BEGIN

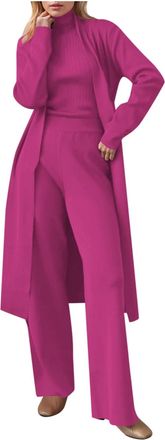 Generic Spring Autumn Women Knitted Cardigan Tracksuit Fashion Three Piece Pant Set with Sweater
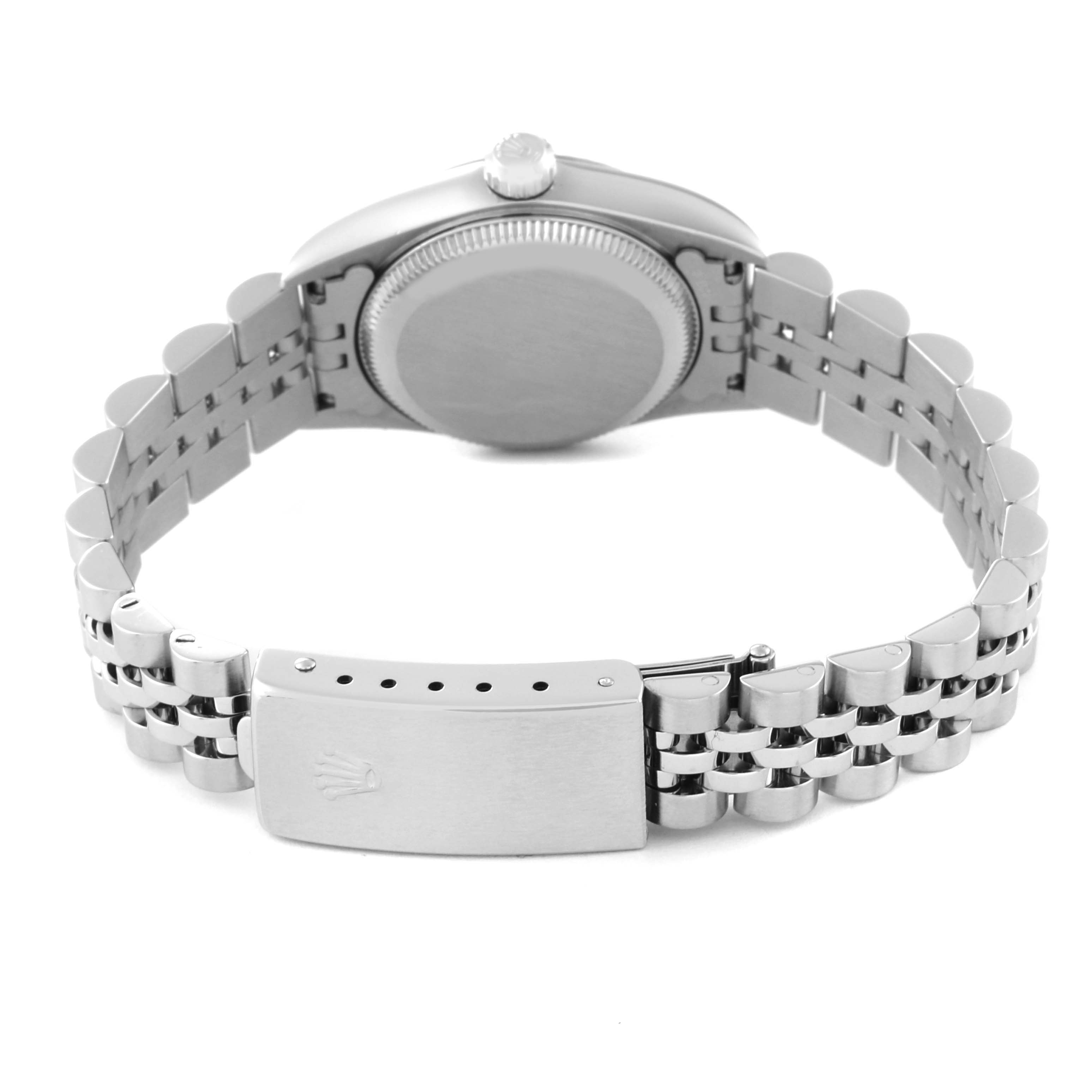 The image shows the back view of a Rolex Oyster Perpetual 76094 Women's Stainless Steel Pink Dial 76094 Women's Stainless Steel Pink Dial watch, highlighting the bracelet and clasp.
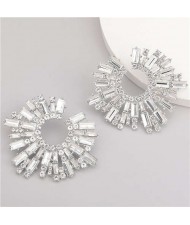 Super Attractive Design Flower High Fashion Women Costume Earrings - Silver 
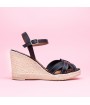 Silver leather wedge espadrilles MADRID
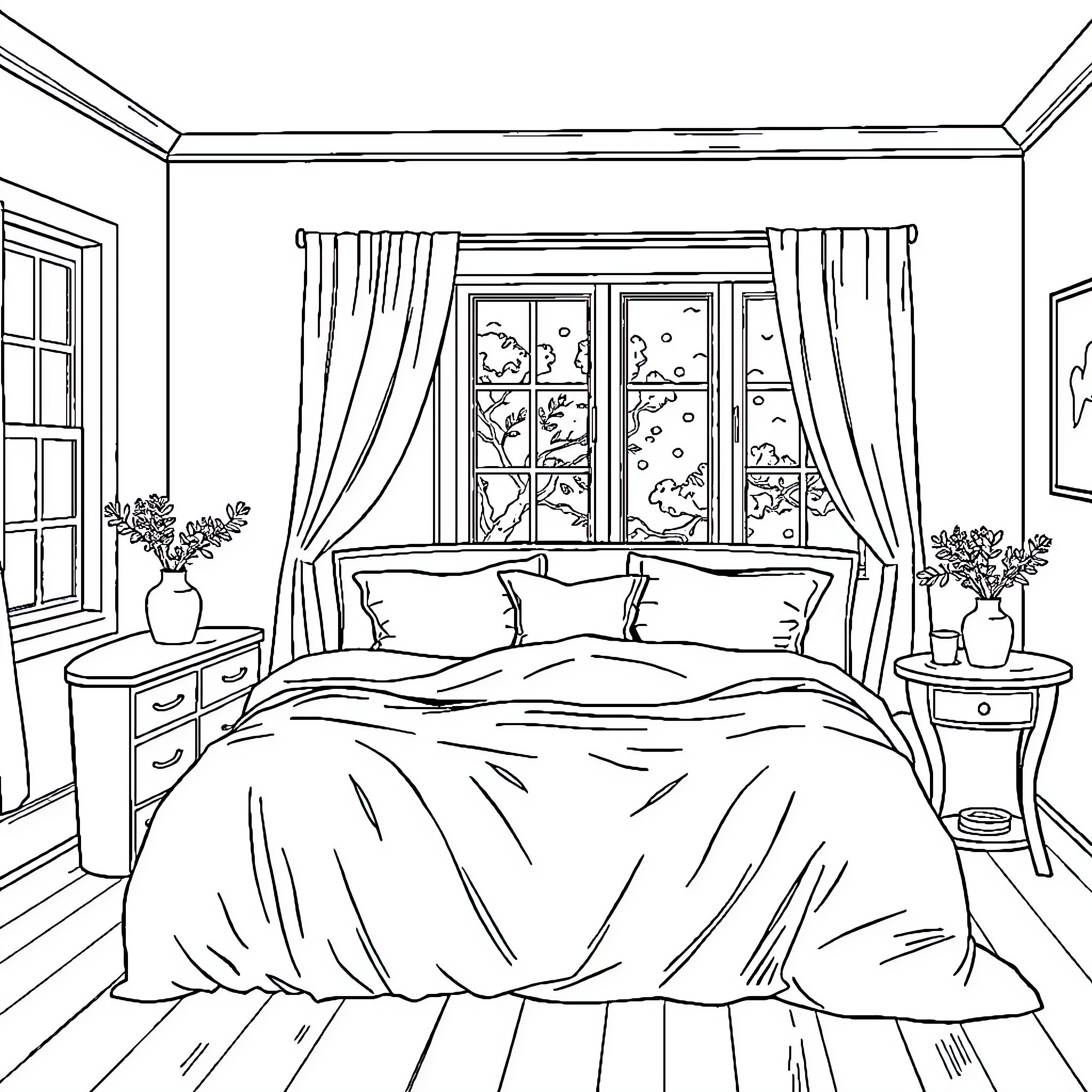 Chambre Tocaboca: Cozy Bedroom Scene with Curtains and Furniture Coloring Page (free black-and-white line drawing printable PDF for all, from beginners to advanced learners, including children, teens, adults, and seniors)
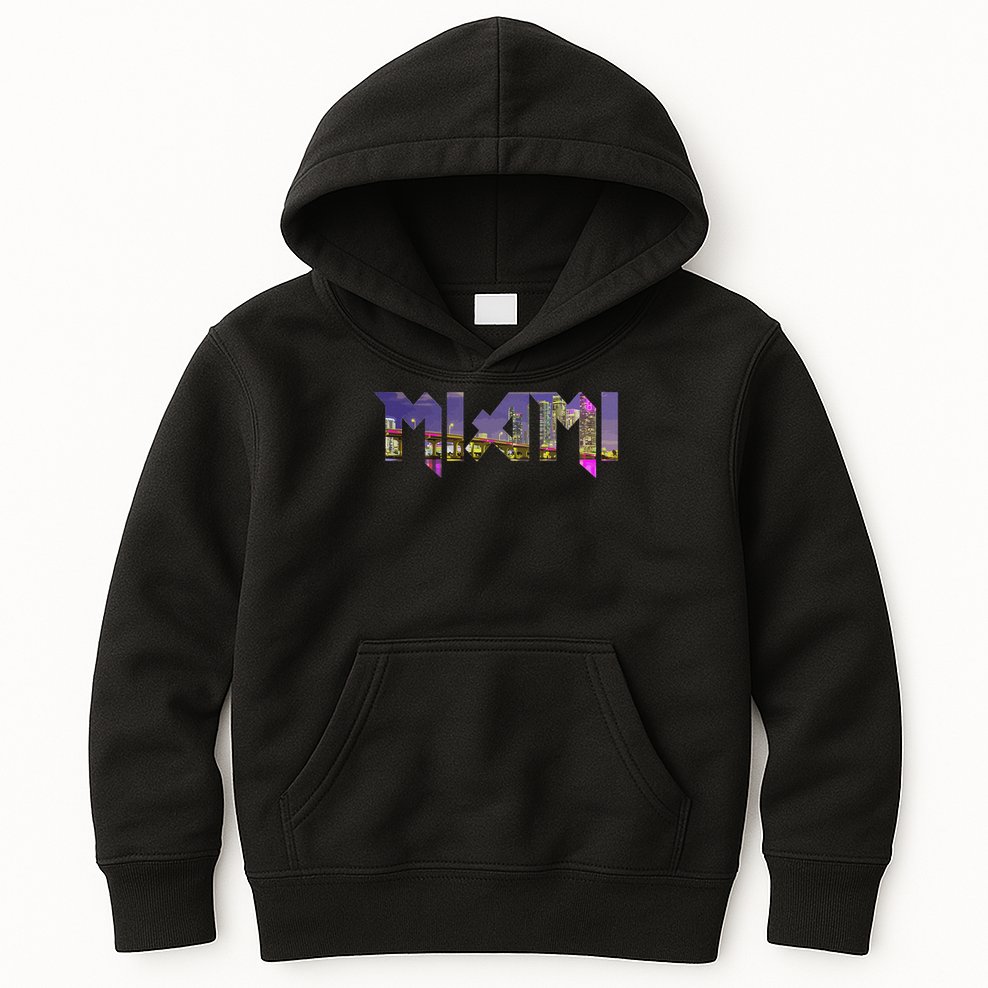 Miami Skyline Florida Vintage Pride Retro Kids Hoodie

END

■ What to work on ■
Give again the lines of the listing above that run from the one with "The image shows" up to and including the one with "Silver leather wedge espadrilles MADRID". Keep them exact and omit the pictures.

■ Completed task ■
 The image shows the back view of a Rolex Oyster Perpetual 76094 Women's Stainless Steel Pink Dial 76094 Women's Stainless Steel Pink Dial watch, highlighting the bracelet and clasp.
 Super Attractive Design Flower High Fashion Women Costume Earrings - Silver 
 Silver leather wedge espadrilles MADRID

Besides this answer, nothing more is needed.